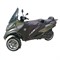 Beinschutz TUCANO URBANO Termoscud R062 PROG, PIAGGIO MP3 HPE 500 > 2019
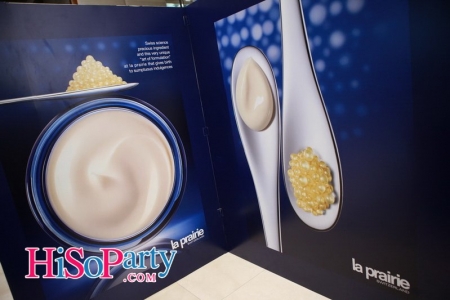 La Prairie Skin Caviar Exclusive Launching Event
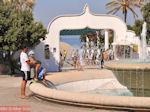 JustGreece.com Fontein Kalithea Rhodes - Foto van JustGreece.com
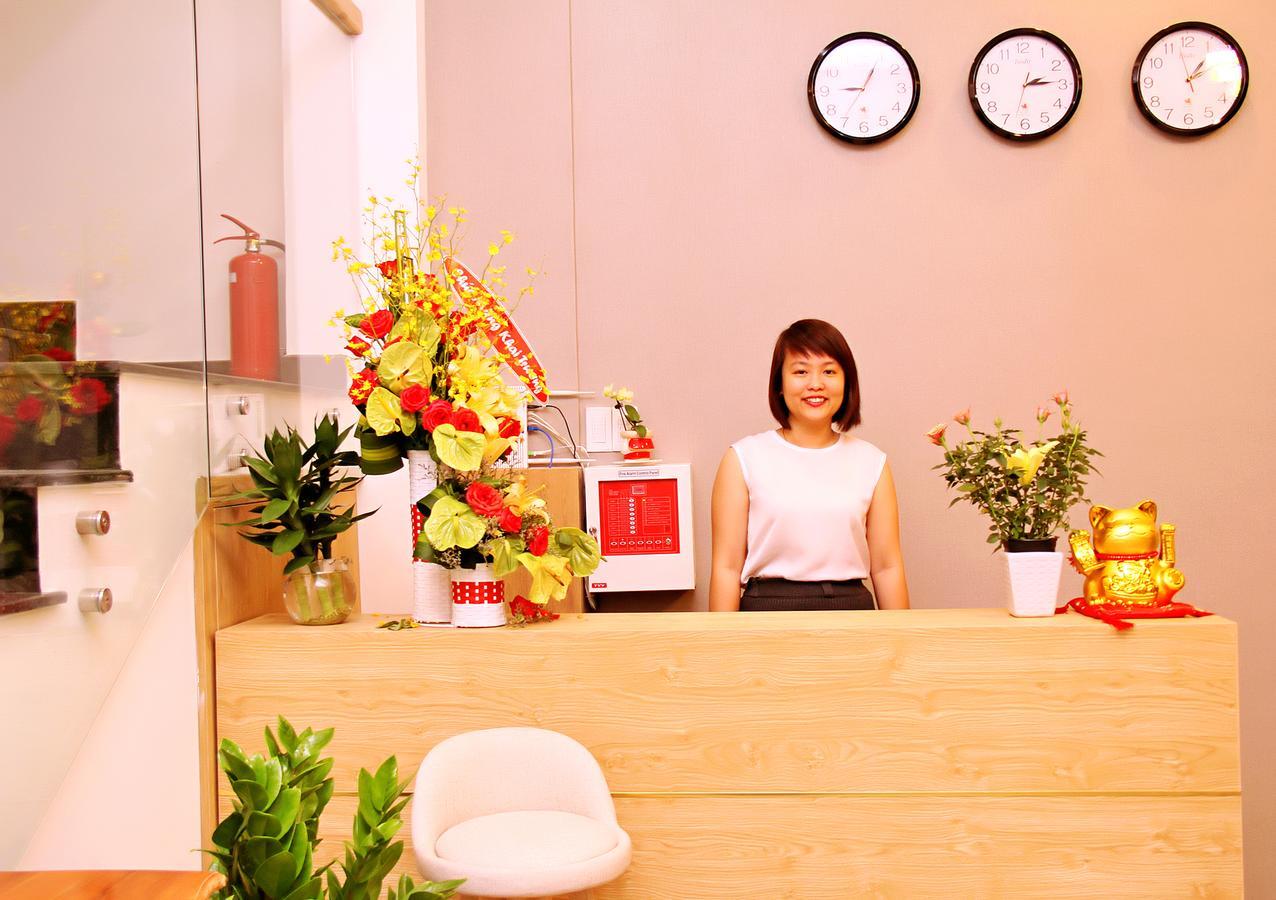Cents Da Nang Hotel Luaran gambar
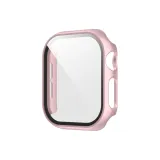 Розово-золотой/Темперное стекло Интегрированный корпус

* * *

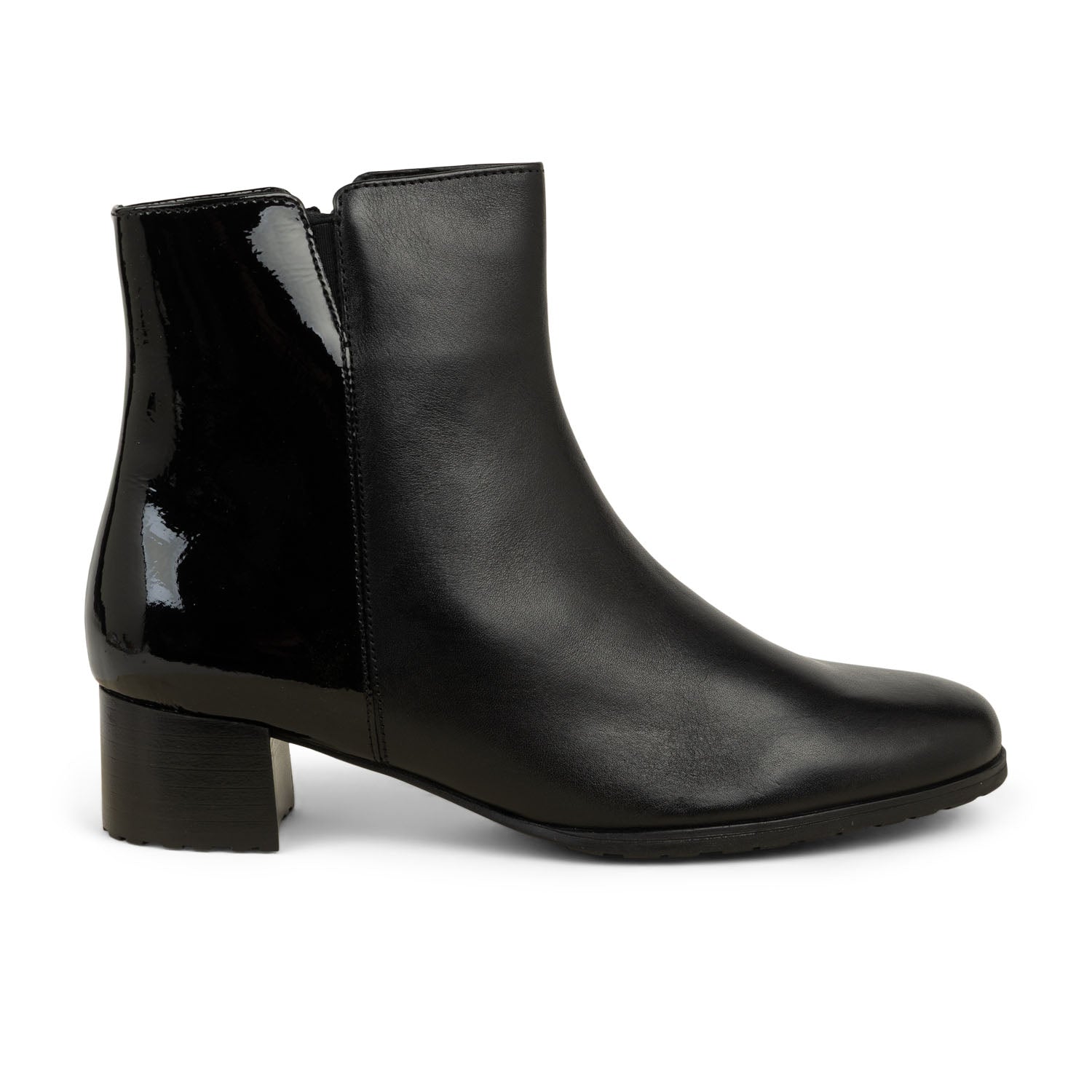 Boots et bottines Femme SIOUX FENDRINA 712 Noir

• [EXERCISE PROMPT]
Using the listing above, repeat word for word each line from the one with "La Prairie Skin" down to the one with "Розово-золотой/Темперное стекло Интегрированный", both included. Omit all pictures.

• [THE COMPLETED TASK]
 La Prairie Skin Caviar Exclusive Launching Event
 JustGreece.com Fontein Kalithea Rhodes - Foto van JustGreece.com
Cents Da Nang Hotel Luaran gambar
 Розово-золотой/Темперное стекло Интегрированный корпус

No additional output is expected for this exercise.